Interwiki links for some languages incorrectly capitalize the first letter of the endonym
Open, Needs TriagePublicBUG REPORT

Description

Steps to replicate the issue (include links if applicable):

What happens?: The link is rendered as "Toki pona"

What should have happened instead?: The link should render as "toki pona" (fully uncapitalized).

This is because https://gerrit.wikimedia.org/g/mediawiki/core/+/67d057590125e69ac4fdb3f76f4e64768604d5d7/includes/Skin/Skin.php#1248 unconditionally applies ucfirst to interlanguage link titles. Old discussion in T39705 (bugzilla ticket 37705)

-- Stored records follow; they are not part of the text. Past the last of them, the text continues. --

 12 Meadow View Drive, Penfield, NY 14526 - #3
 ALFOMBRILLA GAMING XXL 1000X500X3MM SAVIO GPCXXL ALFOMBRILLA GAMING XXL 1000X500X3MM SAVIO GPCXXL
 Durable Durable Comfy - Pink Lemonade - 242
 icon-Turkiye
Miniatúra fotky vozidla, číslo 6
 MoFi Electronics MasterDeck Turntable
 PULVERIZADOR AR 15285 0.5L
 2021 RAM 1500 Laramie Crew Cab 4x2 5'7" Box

It's ultimately because of languages like French which spell their language name in lowercase but expect it to be capitalized in particular contexts like a list of languages. That would suggest the problem really is that the capitalization is done with the current user locale's capitalization rules, and we need to change that to use the native capitalization rules. But is it really correct for toki pona to redefine ucfirst as a noop? Would that break the world?

Event Timeline

Aklapper renamed this task from Interwiki links for Toki Pona capitalize the first letter of the endonym rendering it as "Toki pona" to Interwiki links for some languages incorrectly capitalize the first letter of the endonym.Nov 28 2025, 2:29 PM

Also affects e.g. isiZulu.

I'm not quite sure about this case. zuwiki main page contains the capitalized sentence "IsiZulu singulimi lwamaZulu." We should ask the community.

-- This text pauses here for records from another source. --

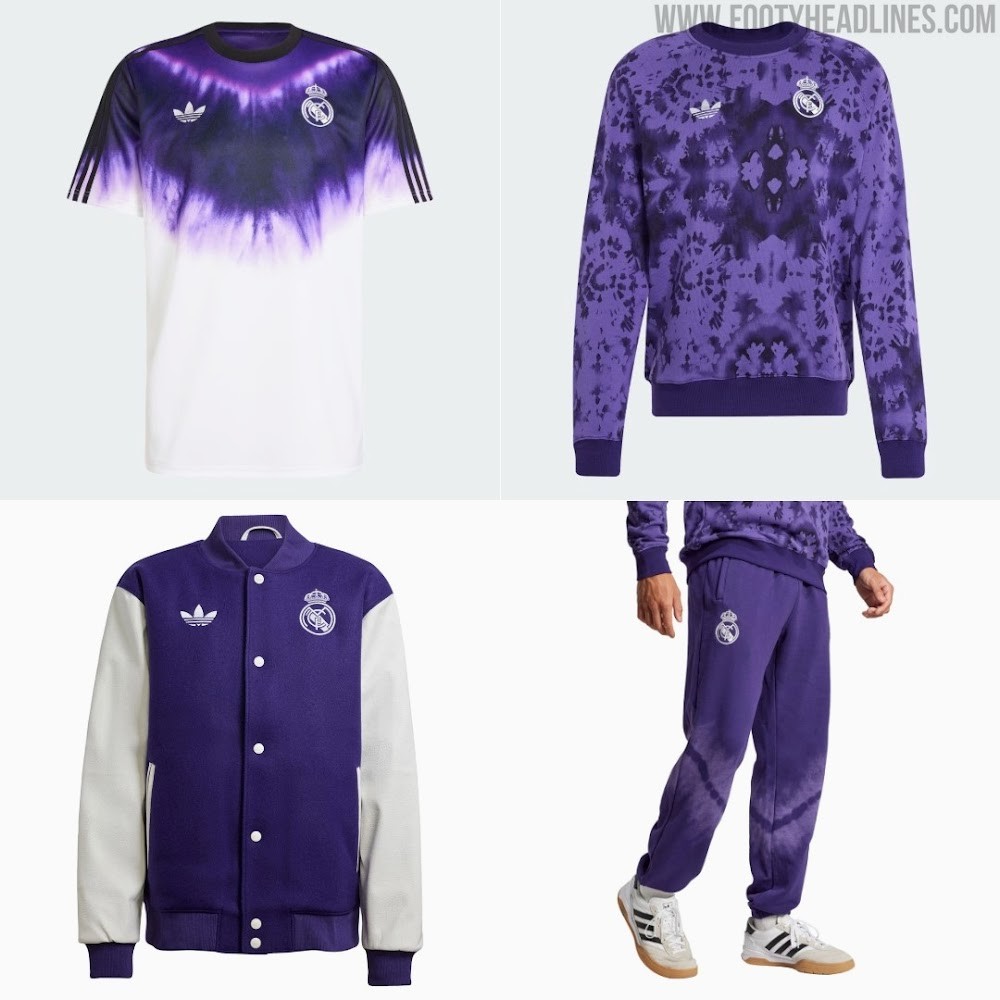 entit, s报道, img entit, s报道, img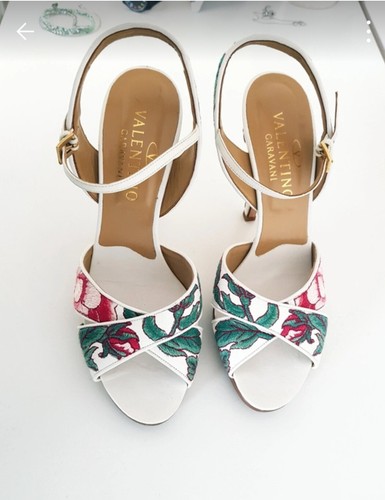 Damen sandalen valentino gr - damen,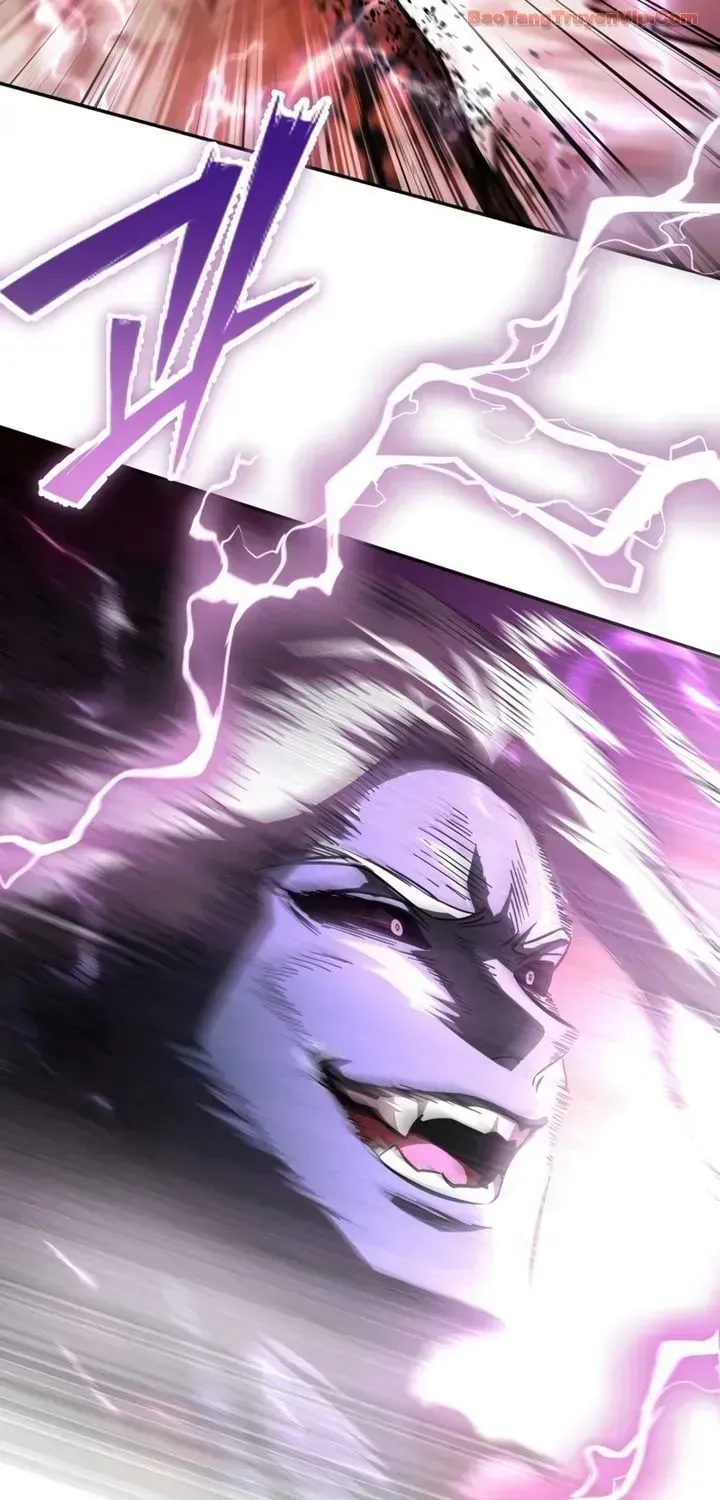 Giáo Hóa Ác Nhân Chap 24 - Next Chap 25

Pppery added a subscriber: BscottAPL33.

Just commenting to say I agree this is not the correct behavior. There's a semantic question here: Is this a list of endonyms rendered in their title-case form, or is this a list of loanwords rendered in the interface language' title-case form? Most of the way the language list works suggests the former. For instance, otherwise we would not be using non-Latin-script names in English, in which most style guides would call for using a romanization. Further, if the goal were to just follow the norms of the interface language, it would make more sense to use exonyms entirely. To me it seems like the goal is that each entry should represent how that language's name would appear in title-case in that language. In the case of Toki Pona, that is "toki pona".

Ideally this would be built into getLanguage(), but given that it only applies to a few languages (exact number unclear per above) and seems to only come up in this one context, special-casing might be easier?

Should French be displayed as français instead? As a speaker of a language whose script lacks capitalization system, I'd say seeing text in lists in sentence case feels weird to me.

While the French word for the French language is "français", that word is still capitalized in title case. So we would only want to change to a lowercase "français" if the idea were to shift away from title-casing in general. Personally I'd actually prefer the look of things with all sentence-case endonyms, but that's a bigger discussion, and at least last time this was discussed (see description) there was consensus for the title-case approach.